1999年地球惑星科学関連学会合同大会予稿集原稿

赤城山は活火山か?

Is Akagi an Active Volcano?

早川由紀夫

Yukio Hayakawa

By the Japan Meteorological Agency, Akagi is listed on Catalog of Active Volcanoes, based on a document, Azuma Kagami, written in 1251. The description is composed of only four characters of kanji as "Mt. Akagi fire". However, no deposit by an eruption is found above the 6th-century pumice bed, which erupted from nearby Haruna and covers the entire Akagi volcano. The date of the "fire" is May 11; this is among the driest season. At present, forest fires are frequently reported during the season in the district. There is no reason to deny an interpretation of the document as a forest fire. If the 1251 event was not an eruption, the youngest eruption of Akagi can be dated 24,000 years ago, which formed a lava dome, a tuff-ring, and a small explosion crater in the summit crater.

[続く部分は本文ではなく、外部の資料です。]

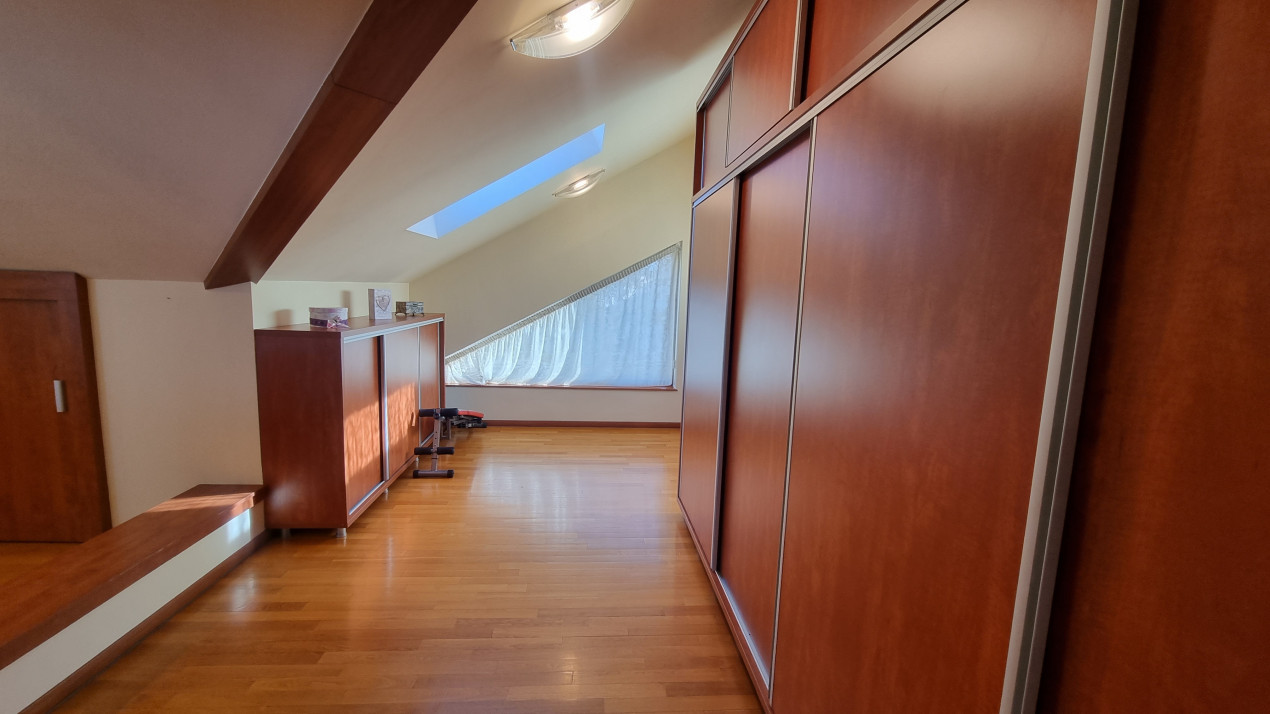 Inchiriere Casa-vila de lux cu 5 camere si 1200 mp teren in zona Centrala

『吾妻鏡』の建長三年(1251年)四月の二十六日条に「去十九日(1251.5.11),上野國赤木嶽焼,為先例兵革兆之由,令在廳等申之由云々」とある.去る十九日に上野国の赤木嶽が焼けた.先例によると戦乱の兆候だというので,国府の庁にいる役人に報告させたそうである,という意味だ.

この記述だけを理由に,赤城山は気象庁によって活火山に指定されている.しかし「赤木嶽焼」に対応する噴火堆積物を現地で確認することはできない.山頂火口内でもっとも新しい噴火地形である血の池(小沼の西にある直径80mの小火口)は,6世紀の榛名伊香保軽石に覆われている.記事がいうところの四月十九日(5月11日)は一年のうちでもっとも乾燥する季節に当たるから,この『吾妻鏡』の記述は噴火でなく山火事の可能性がつよい.

建長三年(1251年)四月の現象には先例があったと書き記されていることも山火事説に有利である.人々の記憶に残って経験則が伝承されるほどの頻度(たとえば100年に1回程度)で当時噴火が繰り返されていたとは,その後の噴火が皆無であることからみて,はなはだ考えにくい.

守屋(1993,新井房夫編『火山灰考古学』,古今書院)は,地蔵岳南東麓で,榛名伊香保軽石の上を覆うクロボクの中に一枚の灰褐色火山砂層を1991年にみつけ,赤城山の 1251年噴火による堆積物だと考えた.しかしその場に居合わせた私にとって,その地層はどうしても噴火堆積物にみえなかった.風塵の堆積物すなわちレスであると思われた.

なお尾崎喜左雄(1973)は『宮城村史』のなかで,これは単なる山火事ではなく,赤城山南麓の宇通遺跡に当時あった寺院の火災であろうと推測している.木炭屑の上に1281年の浅間B軽石が堆積していることを彼はその推測の重要根拠にあげているが,浅間B軽石の噴火は1281年ではなく1108年であることが確実であるから(早川・中島,1998,火山),尾崎の宇通寺火災説はもはや採用できない.

[赤城山最後の噴火] 赤城山の山頂火口内にある小沼タフリングは,姶良丹沢火山灰(2万8000年前)と浅間BP軽石群(2万6500〜2万3300年前の間に4枚)の間に挟まれている(佐藤成夫,1998,群馬大学教育学部卒論).地蔵岳溶岩ドームと血の池火口も小沼タフリングとほぼ同時の噴火で生じたとみられる.したがって,赤城山最後の噴火はおよそ2万4000年前だと思ってよい.

[再噴火はあるか] 赤城山は過去2000年噴火していないどころか,完新世にも噴火していない.しかし同じ群馬県内にある草津白根山は,35万年前ころを最後に噴火をいったん止めたあと,1万9000年前からふたたび噴火を繰り返している.榛名山は,4万2000年前から噴火を再開するまで,20万年近くまったく噴火なしですごした.その後はおよそ1万年間隔で4回のテフラ+溶岩ドーム噴火を繰り返している.2万4000年の時間が,赤城山の地下のマグマが死に絶えたことを示すに十分な長さかどうかはたいへん疑わしい.